A 62-year-man with end-stage renal disease has become the first human to receive a new kidney from a genetically modified pig, doctors from Massachusetts General Hospital in Boston announced on Thursday.
The four-hour surgery, performed on March 16, marks a major milestone in the quest to provide more readily available organs to patients, the hospital said in a statement.
The patient, Richard Slayman of Weymouth, Mass., is recovering well and expected to be discharged soon, the hospital said.
Slayman had received a transplant of a human kidney at the same hospital in 2018 after seven years on dialysis, but the organ failed after five years and he had resumed dialysis treatments.

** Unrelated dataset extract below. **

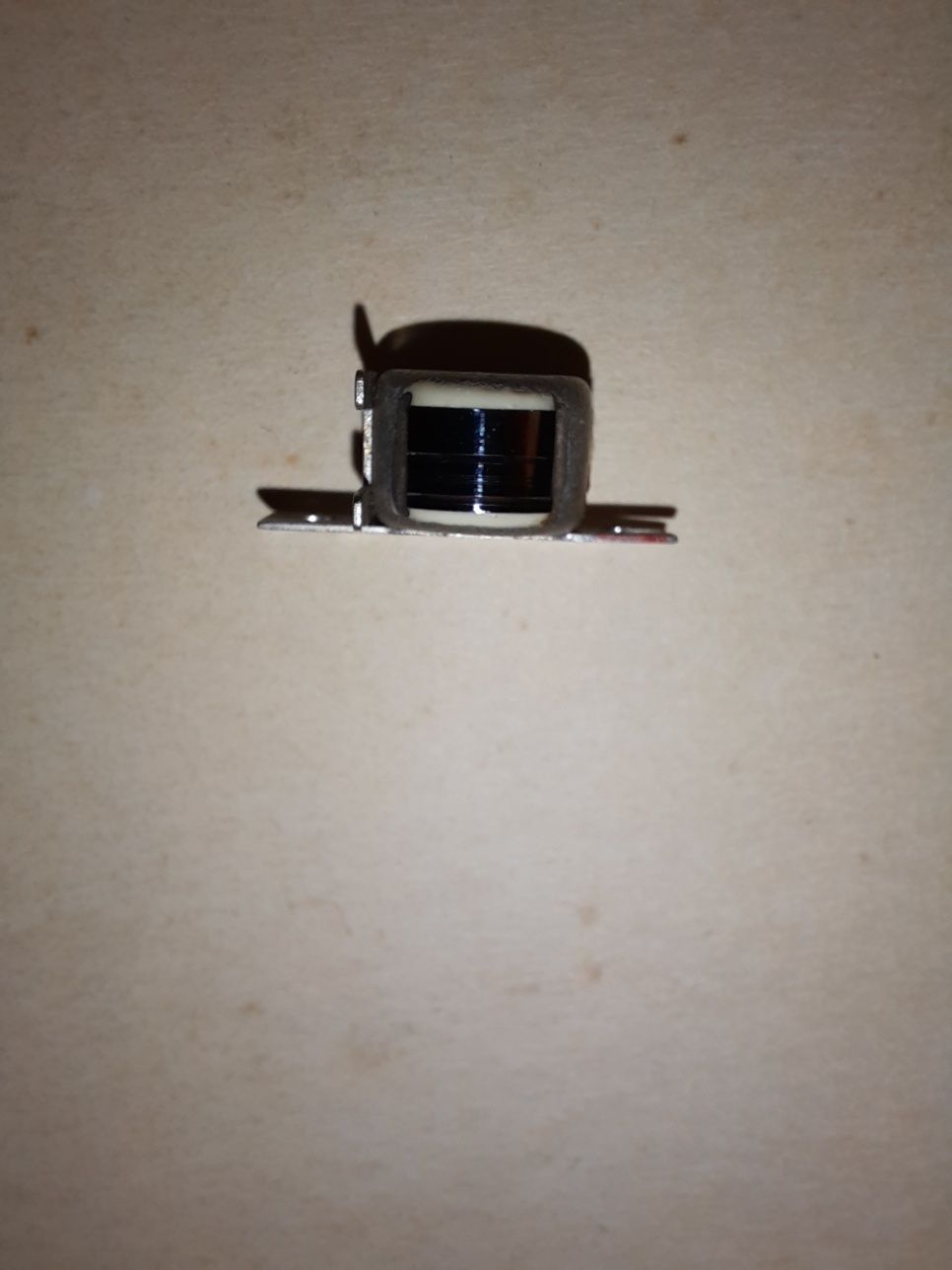 Магнитная головка для микрокассетного магнитофона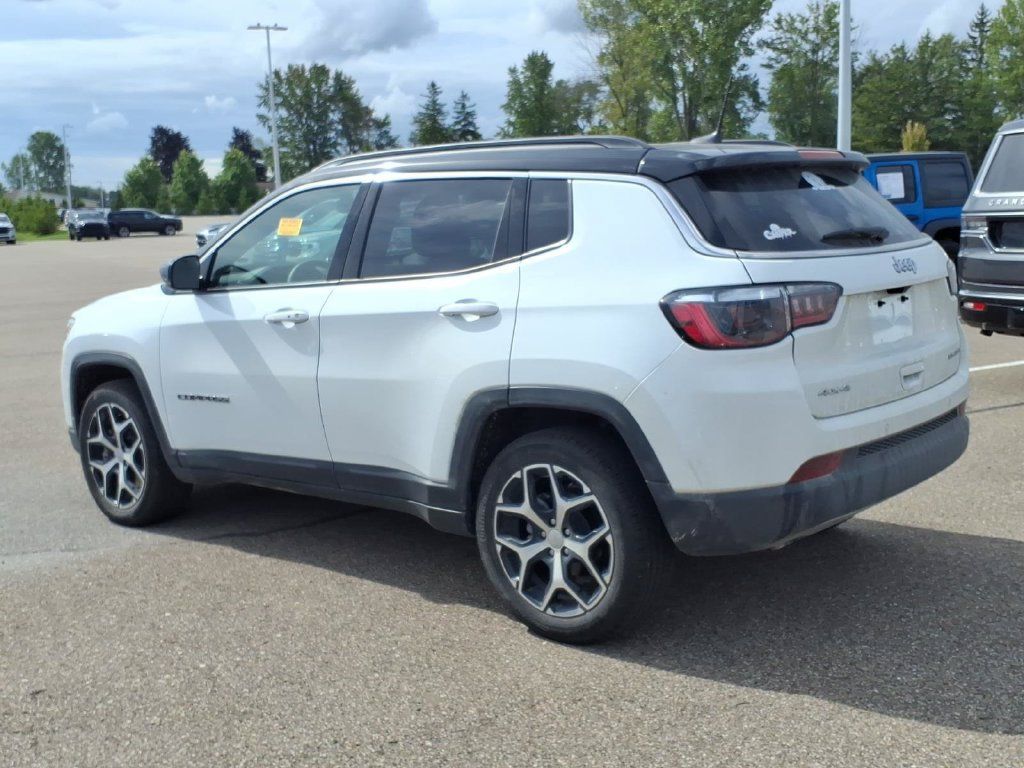 Used 2024 Jeep Compass Limited AWD/4WD image 6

The kidney was provided by eGenesis of Cambridge, Mass., from a pig that had been genetically edited to remove genes that could be harmful to a human recipient and add certain human genes to improve compatibility.
In addition, the company inactivated certain viruses inherent to pigs that have the potential to infect humans.
“I saw it not only as a way to help me, but a way to provide hope for the thousands of people who need a transplant to survive,” said Slayman, a systems manager for the Massachusetts Department of Transportation.
Challenging case
Dr. Tatsuo Kawai, the transplant surgeon, said the team believes the pig kidney will work for at least two years.
Slayman’s kidney specialist, Dr. Winfred Williams, said even before his first transplant, Slayman had trouble being on dialysis and needed dozens of procedures to try to remove clots and restore blood flow.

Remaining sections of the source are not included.